AS: No, I’m not. I’m like Daniel Day-Lewis. I leave here, and I put on a top hat and I garden, and that’s me. That’s what I picture he does. Yeah, no. The difference is, I am a little bit of an introvert; I get overwhelmed in crowds and don’t get like, really wasted that often. I did this week, but it was because I was in Akron. (Trainwreck premiered last week in Akron, Ohio, the hometown of LeBron James who also appears in the film.)  Like, what are you going to do there? Yeah, I don’t have sex very often. Hopefully that’s going to change. Can I just also say—somebody tried to hack me because they assume I have lots of naked photos, but joke’s on them because I have never put my face in them, and I haven’t taken them for like, ten years because I’m aging. They sent this detective guy over to my house this weekend to help me secure all my shit, and they knew him, they’re like, “We’re sending this guy over to you,” my business manager, and he got there, he buzzed, I didn’t even brush my teeth, and I rolled out of bed. He was so hot. Like, wouldn’t you give your friend a heads-up? You’re like, “Okay, just know that this guy coming to your house, is like, so hot. You’re going to want to at least brush your teeth. Just something! Just do something!”


How she and Judd Apatow came to make Trainwreck:

AS: The movie started because I met with Judd, and we kind of came armed with an idea just in case. We did a meeting and he was like, “Well, if you ever have an idea, the door’s open,” and I was like, “Well, I have an idea,” like, seize the day. I’m a lot like Christian Bale in Newsies. Um, I for some reason cannot do an interview without mentioning Newsies. I don’t know what it is. But, open the gates! No, that idea I wrote, it was a little broad.

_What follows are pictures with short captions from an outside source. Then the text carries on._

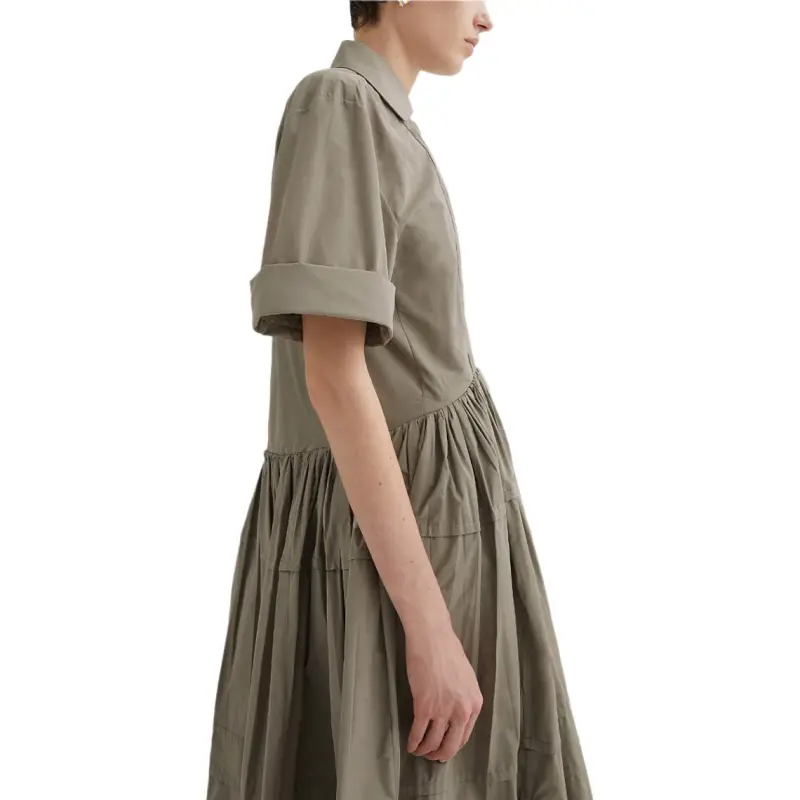 JIL SANDER Short Sleeved Midi Shirt Dress-3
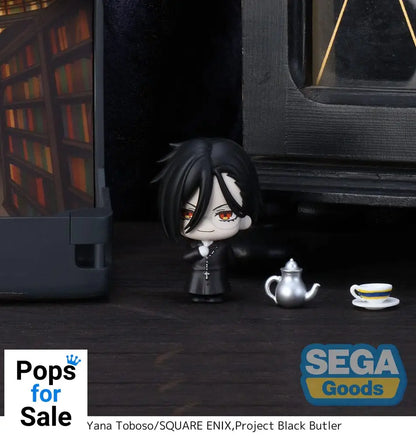 Black Butler: Boarding School Arc Petite World Memories Mini Figure Sebastian Michaelis (EX) 8 cm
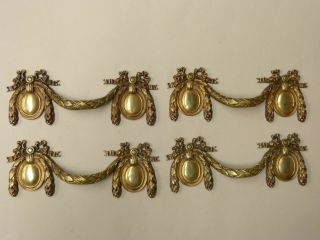4 French Bronze Brass Handle
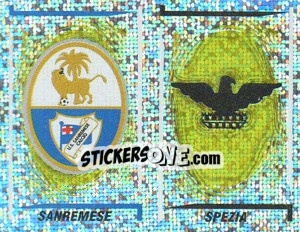 Sticker Sanremeze/Spezia Scudetto (a/b)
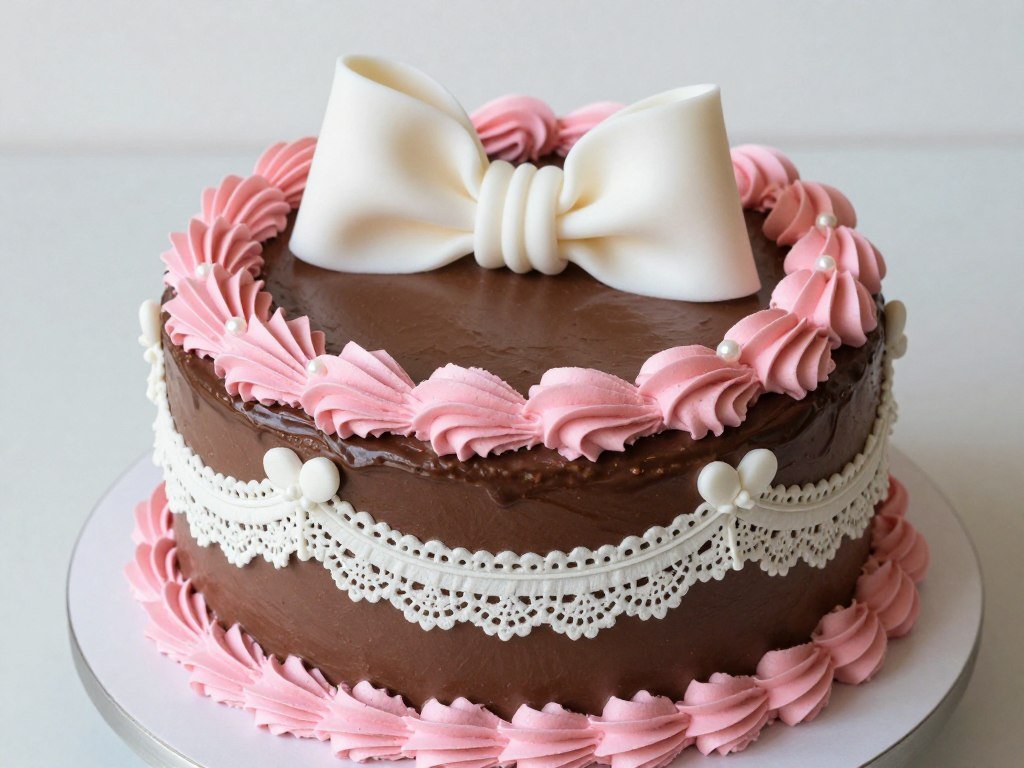 chocolate coquette aesthetic cake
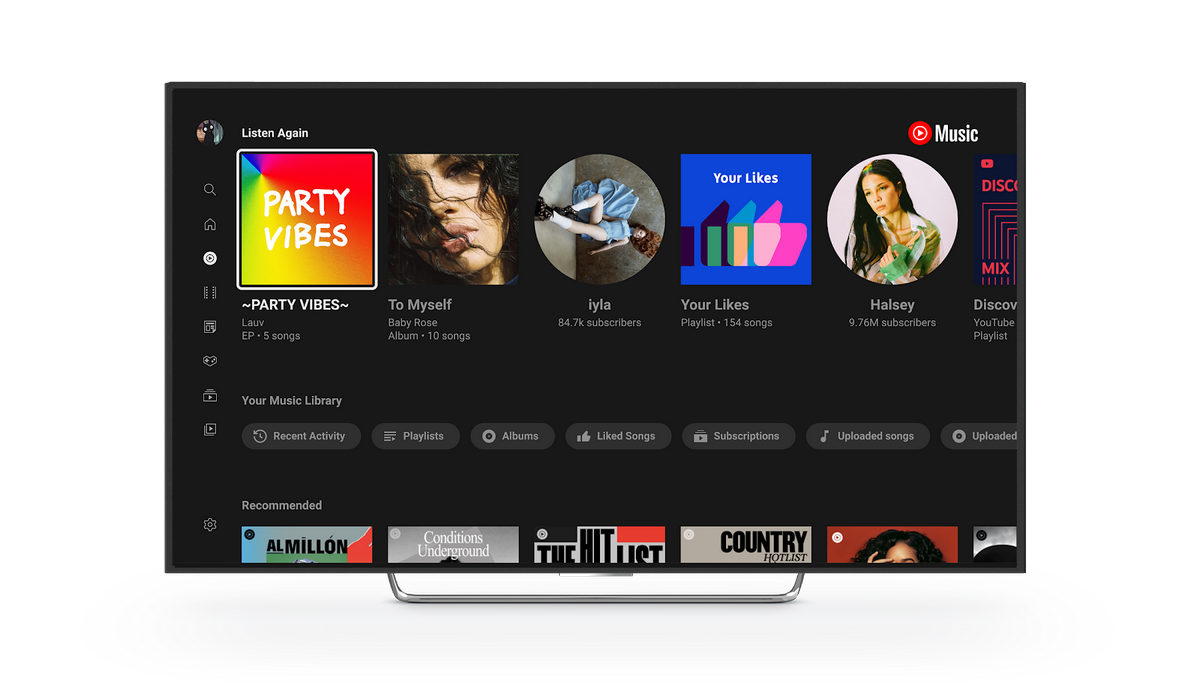 Google обновила YouTube Music для Android TV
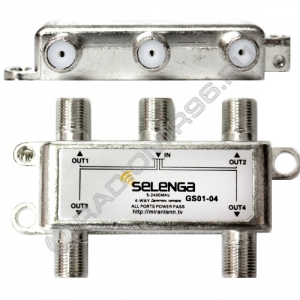 Делитель  на 4 ТВ 5-2050 MHz SELENGA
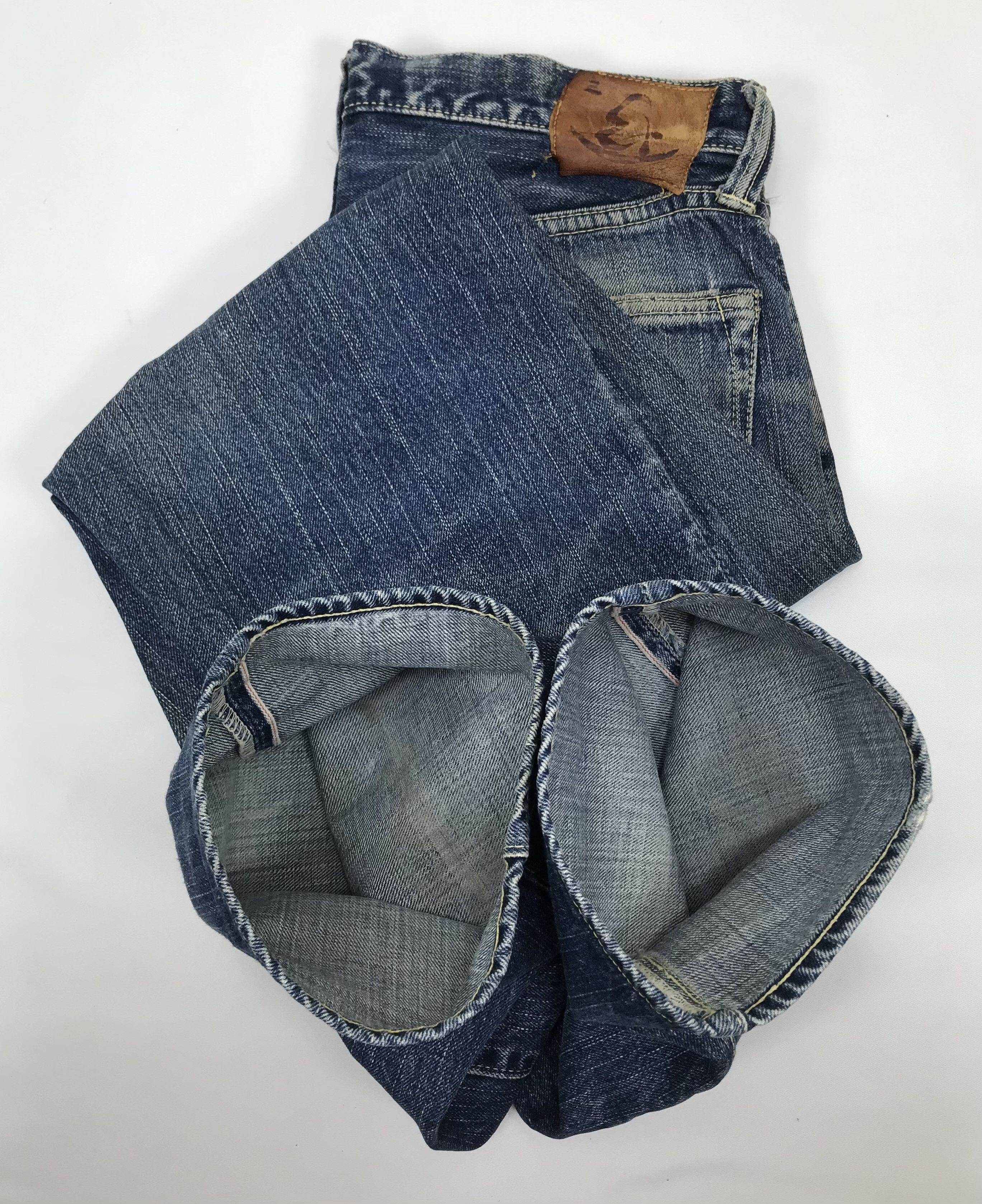 Eternal Vintage Eternal Faded Blue Washed Selvedge Jeans Size US 31 - 18 Thumbnail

Then he was like, “What’s going on with you right now?” And I was falling in love, so the story was happening. I wasn’t enjoying it. I was just scared. And you’re like, chemically altered when you’re falling in love. It’s not even fun; you feel sick. You feel sickened. And you’re just scared about what you’re going to find out about the other person or that they’ll catch you in a bad light, like in Clueless, “Did I stumble into some bad lighting?” So my references are very updated. I’m at the cutting edge about every movie. Remember that ice skating one? Chemistry! But um, then we made the movie! Next question! No, I wrote scenes. Scenes in no order, and then Judd and I would kind of—we would write out the beats. Oh, you see her in the office and talk to her dad. And I wrote a draft pretty quickly, in I think a little over a month. I’m just a psycho. I go under and do it.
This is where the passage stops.